Facile synthesis of iron(II) doped carbonaceous aerogel as a three-dimensional cathode and its excellent performance in electro-Fenton degradation of ceftazidime from water solution

Abstract

• Synthesis of iron(II) doped carbonaceous aerogel (FCA) as a three-dimensional cathode electrode for electro-Fenton (EF) system. • Degradation of ceftazidime using FCA cathode in EF process. • Optimization of the operational condition by response surface methodology. • Identification of the produced intermediates through the ceftazidime degradation. • Developing a safe, environmentally friendly, and cost-effective method by using FCA and EF process.

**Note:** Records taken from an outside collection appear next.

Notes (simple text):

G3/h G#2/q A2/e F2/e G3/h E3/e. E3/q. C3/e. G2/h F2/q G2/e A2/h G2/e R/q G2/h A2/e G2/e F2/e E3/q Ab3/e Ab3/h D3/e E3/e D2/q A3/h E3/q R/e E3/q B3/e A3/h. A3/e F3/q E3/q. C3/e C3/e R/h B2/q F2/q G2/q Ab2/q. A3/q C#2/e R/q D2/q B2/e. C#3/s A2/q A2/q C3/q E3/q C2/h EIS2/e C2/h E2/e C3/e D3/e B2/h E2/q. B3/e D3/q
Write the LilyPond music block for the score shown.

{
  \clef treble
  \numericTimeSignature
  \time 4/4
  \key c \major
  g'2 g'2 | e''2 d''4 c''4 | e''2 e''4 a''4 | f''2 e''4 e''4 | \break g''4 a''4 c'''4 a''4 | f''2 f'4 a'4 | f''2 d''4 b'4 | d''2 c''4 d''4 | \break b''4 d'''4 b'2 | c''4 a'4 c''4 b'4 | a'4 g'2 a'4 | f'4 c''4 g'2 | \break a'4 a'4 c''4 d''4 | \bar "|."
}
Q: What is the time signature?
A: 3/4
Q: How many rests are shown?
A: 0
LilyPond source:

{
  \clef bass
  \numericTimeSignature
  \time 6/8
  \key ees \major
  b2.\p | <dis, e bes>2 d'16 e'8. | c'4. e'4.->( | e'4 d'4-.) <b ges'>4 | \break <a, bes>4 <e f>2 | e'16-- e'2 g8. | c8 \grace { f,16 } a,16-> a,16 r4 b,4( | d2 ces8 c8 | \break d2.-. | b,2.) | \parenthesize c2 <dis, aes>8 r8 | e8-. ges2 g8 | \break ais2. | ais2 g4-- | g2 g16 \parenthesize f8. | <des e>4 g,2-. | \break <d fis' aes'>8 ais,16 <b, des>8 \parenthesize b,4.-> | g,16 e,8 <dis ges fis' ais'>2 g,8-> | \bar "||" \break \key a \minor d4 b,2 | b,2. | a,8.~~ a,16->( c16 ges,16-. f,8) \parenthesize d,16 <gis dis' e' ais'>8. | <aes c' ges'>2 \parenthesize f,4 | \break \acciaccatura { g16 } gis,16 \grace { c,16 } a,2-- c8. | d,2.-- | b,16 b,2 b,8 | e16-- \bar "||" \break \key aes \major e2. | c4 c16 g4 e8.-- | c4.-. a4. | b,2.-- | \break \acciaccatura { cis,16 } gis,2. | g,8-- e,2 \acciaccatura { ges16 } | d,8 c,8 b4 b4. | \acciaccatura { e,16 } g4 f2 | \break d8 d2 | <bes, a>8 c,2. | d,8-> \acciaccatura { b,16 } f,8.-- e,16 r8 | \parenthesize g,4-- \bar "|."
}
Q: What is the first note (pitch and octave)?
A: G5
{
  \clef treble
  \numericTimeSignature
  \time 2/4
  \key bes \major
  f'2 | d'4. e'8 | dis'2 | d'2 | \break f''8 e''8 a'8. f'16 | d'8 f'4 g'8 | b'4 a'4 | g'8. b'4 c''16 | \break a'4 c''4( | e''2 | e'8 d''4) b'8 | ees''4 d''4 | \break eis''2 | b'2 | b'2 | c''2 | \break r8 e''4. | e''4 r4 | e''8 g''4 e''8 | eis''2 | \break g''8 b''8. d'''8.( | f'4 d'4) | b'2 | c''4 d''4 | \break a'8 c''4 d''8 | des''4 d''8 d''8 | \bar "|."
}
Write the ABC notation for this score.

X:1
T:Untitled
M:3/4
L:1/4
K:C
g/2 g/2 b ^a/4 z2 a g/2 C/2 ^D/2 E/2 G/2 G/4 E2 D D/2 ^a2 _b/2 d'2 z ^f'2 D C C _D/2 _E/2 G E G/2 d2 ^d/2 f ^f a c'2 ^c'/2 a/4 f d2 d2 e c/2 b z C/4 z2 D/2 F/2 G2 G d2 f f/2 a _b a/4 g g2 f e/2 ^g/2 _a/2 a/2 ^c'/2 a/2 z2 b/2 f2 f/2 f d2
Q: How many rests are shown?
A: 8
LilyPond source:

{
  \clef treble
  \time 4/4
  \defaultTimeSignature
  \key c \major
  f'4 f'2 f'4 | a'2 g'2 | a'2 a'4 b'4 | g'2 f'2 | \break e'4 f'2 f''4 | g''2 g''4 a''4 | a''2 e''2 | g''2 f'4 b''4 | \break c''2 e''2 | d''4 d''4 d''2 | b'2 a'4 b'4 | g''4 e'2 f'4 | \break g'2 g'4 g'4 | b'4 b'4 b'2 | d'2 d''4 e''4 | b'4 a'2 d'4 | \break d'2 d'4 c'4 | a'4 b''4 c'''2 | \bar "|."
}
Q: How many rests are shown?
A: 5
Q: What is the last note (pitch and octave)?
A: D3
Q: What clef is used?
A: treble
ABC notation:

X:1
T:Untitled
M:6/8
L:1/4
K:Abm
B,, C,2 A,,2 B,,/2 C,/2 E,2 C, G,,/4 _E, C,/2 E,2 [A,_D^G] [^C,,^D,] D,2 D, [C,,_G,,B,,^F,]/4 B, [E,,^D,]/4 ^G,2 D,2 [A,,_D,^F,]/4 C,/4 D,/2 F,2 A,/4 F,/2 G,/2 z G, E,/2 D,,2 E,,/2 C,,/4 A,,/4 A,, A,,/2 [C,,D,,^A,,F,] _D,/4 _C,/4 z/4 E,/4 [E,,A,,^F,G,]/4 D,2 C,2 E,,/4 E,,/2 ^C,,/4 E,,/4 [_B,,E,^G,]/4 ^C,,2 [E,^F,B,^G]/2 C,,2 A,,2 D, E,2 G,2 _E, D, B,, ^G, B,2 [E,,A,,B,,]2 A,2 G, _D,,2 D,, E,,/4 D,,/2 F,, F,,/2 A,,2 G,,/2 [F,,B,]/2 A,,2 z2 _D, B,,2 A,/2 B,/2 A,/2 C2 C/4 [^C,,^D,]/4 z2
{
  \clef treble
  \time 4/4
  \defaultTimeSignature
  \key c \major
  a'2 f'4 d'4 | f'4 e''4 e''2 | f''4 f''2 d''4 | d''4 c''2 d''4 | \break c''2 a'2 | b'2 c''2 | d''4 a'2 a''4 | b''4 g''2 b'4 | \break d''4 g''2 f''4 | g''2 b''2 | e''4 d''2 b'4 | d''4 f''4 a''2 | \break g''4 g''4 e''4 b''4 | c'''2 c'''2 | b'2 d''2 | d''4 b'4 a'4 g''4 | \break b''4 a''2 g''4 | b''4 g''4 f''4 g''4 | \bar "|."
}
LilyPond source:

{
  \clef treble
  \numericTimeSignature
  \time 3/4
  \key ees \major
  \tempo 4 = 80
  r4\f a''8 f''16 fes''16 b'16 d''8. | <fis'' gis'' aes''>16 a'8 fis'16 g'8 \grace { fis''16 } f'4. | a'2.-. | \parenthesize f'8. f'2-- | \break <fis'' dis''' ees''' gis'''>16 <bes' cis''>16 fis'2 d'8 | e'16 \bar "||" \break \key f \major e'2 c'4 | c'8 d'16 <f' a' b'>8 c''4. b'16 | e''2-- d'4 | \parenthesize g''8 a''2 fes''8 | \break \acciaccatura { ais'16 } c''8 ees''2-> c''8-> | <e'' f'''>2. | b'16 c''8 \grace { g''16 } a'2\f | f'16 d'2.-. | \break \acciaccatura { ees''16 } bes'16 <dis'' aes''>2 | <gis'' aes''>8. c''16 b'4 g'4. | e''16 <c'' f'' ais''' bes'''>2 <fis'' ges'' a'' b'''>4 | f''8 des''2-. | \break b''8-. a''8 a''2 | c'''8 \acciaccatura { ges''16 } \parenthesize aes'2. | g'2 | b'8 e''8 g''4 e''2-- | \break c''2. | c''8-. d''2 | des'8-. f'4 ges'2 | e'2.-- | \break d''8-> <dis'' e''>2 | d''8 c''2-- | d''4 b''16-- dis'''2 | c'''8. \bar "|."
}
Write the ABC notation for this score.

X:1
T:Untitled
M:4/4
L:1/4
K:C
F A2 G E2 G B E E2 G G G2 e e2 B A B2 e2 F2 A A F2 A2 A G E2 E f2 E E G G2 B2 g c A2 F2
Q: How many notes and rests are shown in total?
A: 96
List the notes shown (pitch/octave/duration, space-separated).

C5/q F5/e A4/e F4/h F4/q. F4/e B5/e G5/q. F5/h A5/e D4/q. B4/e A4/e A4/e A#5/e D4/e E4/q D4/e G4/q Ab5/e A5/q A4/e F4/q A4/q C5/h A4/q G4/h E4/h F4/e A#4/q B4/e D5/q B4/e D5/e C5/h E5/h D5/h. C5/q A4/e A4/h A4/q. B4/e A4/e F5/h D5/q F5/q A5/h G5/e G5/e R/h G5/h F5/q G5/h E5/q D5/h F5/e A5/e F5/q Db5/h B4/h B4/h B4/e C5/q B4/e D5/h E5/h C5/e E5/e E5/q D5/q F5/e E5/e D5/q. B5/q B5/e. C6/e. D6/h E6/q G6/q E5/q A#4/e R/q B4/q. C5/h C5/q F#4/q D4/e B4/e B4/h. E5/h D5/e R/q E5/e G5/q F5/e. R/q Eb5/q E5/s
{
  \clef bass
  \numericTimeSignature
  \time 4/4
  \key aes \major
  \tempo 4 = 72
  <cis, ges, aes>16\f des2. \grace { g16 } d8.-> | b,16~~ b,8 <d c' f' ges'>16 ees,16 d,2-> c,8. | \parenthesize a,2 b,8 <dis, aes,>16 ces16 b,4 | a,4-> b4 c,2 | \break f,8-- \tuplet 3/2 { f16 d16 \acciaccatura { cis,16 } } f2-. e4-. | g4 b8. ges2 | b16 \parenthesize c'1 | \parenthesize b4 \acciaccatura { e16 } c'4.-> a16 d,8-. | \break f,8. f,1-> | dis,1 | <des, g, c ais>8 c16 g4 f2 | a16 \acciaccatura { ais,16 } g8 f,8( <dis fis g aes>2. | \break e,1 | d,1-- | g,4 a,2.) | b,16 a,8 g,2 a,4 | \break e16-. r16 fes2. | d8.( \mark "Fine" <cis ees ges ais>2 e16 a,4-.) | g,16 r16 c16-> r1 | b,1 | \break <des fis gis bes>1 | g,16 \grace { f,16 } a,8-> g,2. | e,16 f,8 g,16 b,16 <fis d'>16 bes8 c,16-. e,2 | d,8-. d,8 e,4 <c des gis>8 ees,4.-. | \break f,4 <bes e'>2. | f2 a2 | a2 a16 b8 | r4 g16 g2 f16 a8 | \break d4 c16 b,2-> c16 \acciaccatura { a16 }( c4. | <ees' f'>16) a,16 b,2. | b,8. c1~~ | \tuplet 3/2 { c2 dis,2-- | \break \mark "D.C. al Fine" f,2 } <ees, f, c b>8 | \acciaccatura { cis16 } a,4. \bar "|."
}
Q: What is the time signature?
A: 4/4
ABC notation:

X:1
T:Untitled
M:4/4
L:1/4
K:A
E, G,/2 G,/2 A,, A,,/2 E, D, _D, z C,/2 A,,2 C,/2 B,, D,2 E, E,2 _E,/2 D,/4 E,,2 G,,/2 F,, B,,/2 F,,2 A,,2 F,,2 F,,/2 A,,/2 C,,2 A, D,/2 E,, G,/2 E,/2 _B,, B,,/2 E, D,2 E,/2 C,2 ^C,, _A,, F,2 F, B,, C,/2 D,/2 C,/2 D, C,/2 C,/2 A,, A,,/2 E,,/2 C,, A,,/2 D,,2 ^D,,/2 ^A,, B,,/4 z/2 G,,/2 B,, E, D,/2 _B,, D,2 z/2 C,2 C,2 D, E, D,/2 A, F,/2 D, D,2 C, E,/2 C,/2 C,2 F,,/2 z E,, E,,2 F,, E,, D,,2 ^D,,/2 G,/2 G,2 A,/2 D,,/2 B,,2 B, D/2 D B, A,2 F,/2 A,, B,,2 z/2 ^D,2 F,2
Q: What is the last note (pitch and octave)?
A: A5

In the present study, the electro-Fenton (EF) process has been used to remove ceftazidime (CAZ) from an aqueous solution. In the first part of this study, the iron(II) doped carbonaceous aerogel (denote as FCA) as a three-dimensional cathode was synthesized as a cathode electrode. For this purpose, resorcinol–formaldehyde polymers containing iron(II) salt were prepared by sol–gel method and after drying by ambient drying method, the resulting polymer was finally carbonized in a furnace with inert nitrogen medium at 800 °C and the resulting composite properties examined by Field Emission Scanning Electron Microscopy, Energy Dispersive X-ray, Brunaur-Emmett-Teller, X-ray Diffraction, Fourier Transform Infrared Spectroscopy, and cyclic voltammetry analyses. In the last part of this study, the prepared carbonaceous aerogel was employed as a cathode electrode in the EF system to remove CAZ from an aqueous medium. The influence of key factors such as applied current (mA), initial pH of the solution, initial CAZ concentration (mg/L), and process time (min) on the CAZ removal efficiency (RE (%)) under the EF process was assessed. The mineralization current efficiency (MCE) was found as 60.66% in 200 min. Response surface methodology (RSM) was used to optimize the process. The results showed that the optimal values for the variables of applied current intensity, pH, initial CAZ concentration, and process time were 400 mA, 4, 40 mg/L, and 110 min, respectively. The intermediates of CAZ removal were identified by gas chromatography-mass spectrometry analysis. Moreover, the possible removal mechanism of CAZ was proposed. The reusability and stability of the FCA cathode was assessed and revealed an approximately 4% decline in CAZ removal efficiency after eight consecutive cycles. The amount of organic carbon degraded by this process was investigated by chemical oxygen demand test and it was 99% after 200 min of reaction time.